# Looking For More Info On This Omega



## lordofthefiles (Jan 31, 2011)

Hi folks. I have this manual wind Omega with a cal.620. Am I correct in thinking this caliber was first produced in 1961? and if so when did they cease using it I am trying to date it an ultra slim case therefore I am to afraid to attempt to get the case back off.
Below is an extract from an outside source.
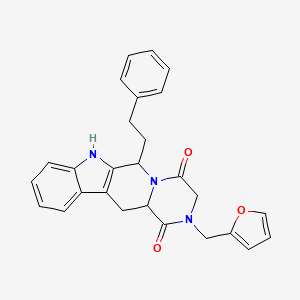 molecular formula C27H25N3O3 B4461138 2-(2-furylmethyl)-6-(2-phenylethyl)-2,3,6,7,12,12a-hexahydropyrazino[1',2':1,6]pyrido[3,4-b]indole-1,4-dione 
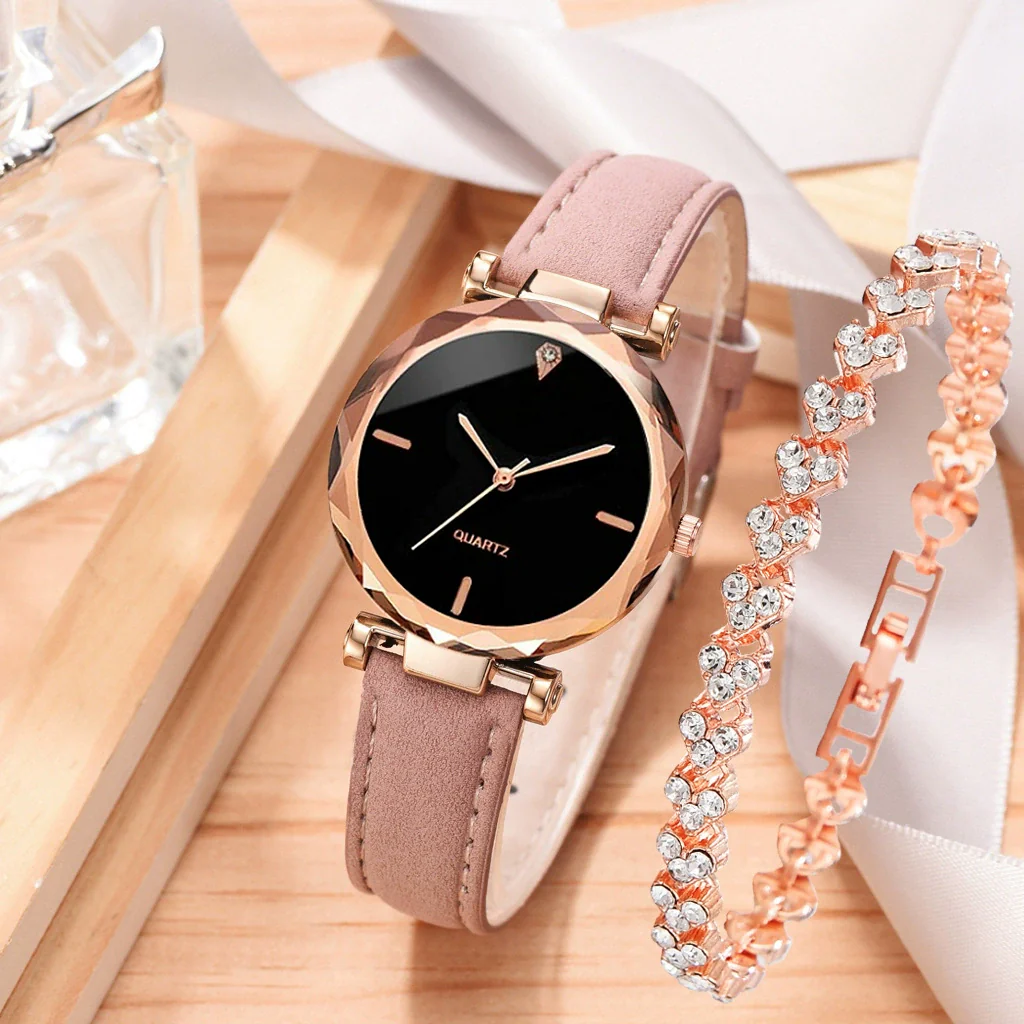 Watch Alloy Plastic Case Pu Belt Round Dial Casual Adult Women's - Image 17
It has beautiful stick hands & gold Omega symbol Thought I would post here on the off chance someone may have more info as to it's origins possible collection etc it is 33mm excluding crown.

Also does anyone know what happened to that excellent Omega customer service online resource that allowed you to check back on older collections?

























​
Off to the watchmakers this week to get the back off.

TIA

Steve


----------



## William_Wilson (May 21, 2007)

Have a look here: Omega Vintage Site

Taken from above website:

De Ville

Gents' leather strap

Reference

ST 111.0046

International collection

1962 - 1966

Movement

Type: Manual winding (mechanical)

Caliber number: 620

Superflat

Created in 1960

17 jewels

Case

Stainless steel

Dimensions: Ã˜31,5 mm

Case back

Press-in

Full metal

Dial

Different types available, with hand-rivetted gold hour markers and "stick" hands.

Crystal

Hesalite

Bracelet

Leather

Water resistance

No (patent crown)

This watch may have existed with different dials.

More product information

Case : round (31,5 mm diameter)

For leather straps of 16 mm lug-size

International Collection : 1962-1966

Swiss retail price (1962) : CHF 190.-

Also available in 14K gold-plated (20 mic.) with SS case back (MD or ME 111.0046, CHF 200.-), in 18K solid yellow or pink gold (BA or BB 111.0046, CHF 440.-) and in 18K solid white gold (BC 111.0046, CHF 570.-).

Replaced ref. 111.0077

Later replaced by ref. 111.0022

SCH










Later,

William


----------



## lordofthefiles (Jan 31, 2011)

Thanks William.

Much appreciated. Have bookmarked the link for future ref :thumbsup:


----------



## andyclient (Aug 1, 2009)

Once you have the back off and noted the serial no on the movement you will be able to get an acurate date of manufacture from the site in Williams link

cheers

Andy


----------